## TASK OBJECTIVE
The answer must consist only of the lines from the line with "Raymond Skipton" to the line with "21 Eldora Crescent, Falcon, WA 6210-Image", both included, exactly as they stand below.

## EXERCISE DATA
════════════════════

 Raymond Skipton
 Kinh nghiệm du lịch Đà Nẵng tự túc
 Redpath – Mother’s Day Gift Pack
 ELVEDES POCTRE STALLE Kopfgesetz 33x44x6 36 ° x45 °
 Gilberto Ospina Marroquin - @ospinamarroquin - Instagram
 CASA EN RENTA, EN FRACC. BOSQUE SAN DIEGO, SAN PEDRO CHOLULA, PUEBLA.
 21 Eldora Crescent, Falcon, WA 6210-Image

════════════════════

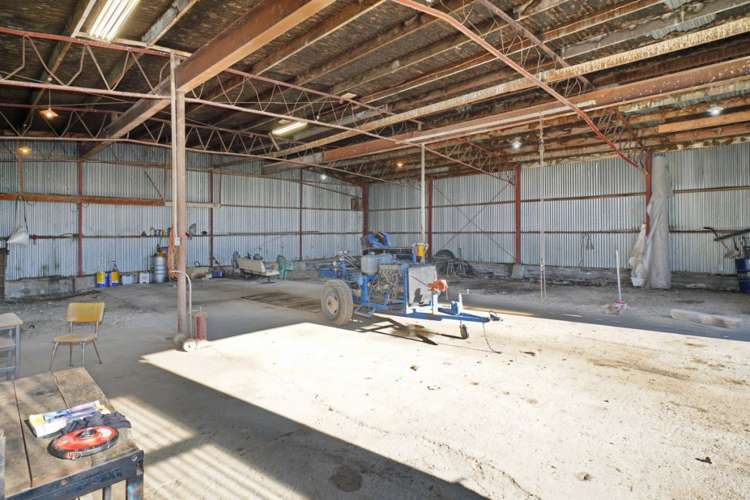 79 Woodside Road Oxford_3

════════════════════

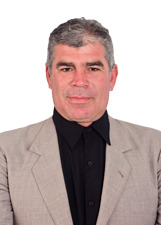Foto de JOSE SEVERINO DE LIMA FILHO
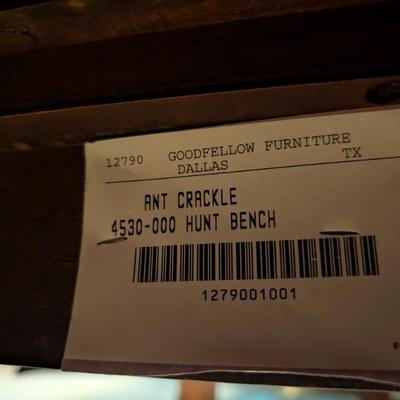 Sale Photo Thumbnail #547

════════════════════

## RESULT OF THIS EXERCISE
 Raymond Skipton
 Kinh nghiệm du lịch Đà Nẵng tự túc
 Redpath – Mother’s Day Gift Pack
 ELVEDES POCTRE STALLE Kopfgesetz 33x44x6 36 ° x45 °
 Gilberto Ospina Marroquin - @ospinamarroquin - Instagram
 CASA EN RENTA, EN FRACC. BOSQUE SAN DIEGO, SAN PEDRO CHOLULA, PUEBLA.
 21 Eldora Crescent, Falcon, WA 6210-Image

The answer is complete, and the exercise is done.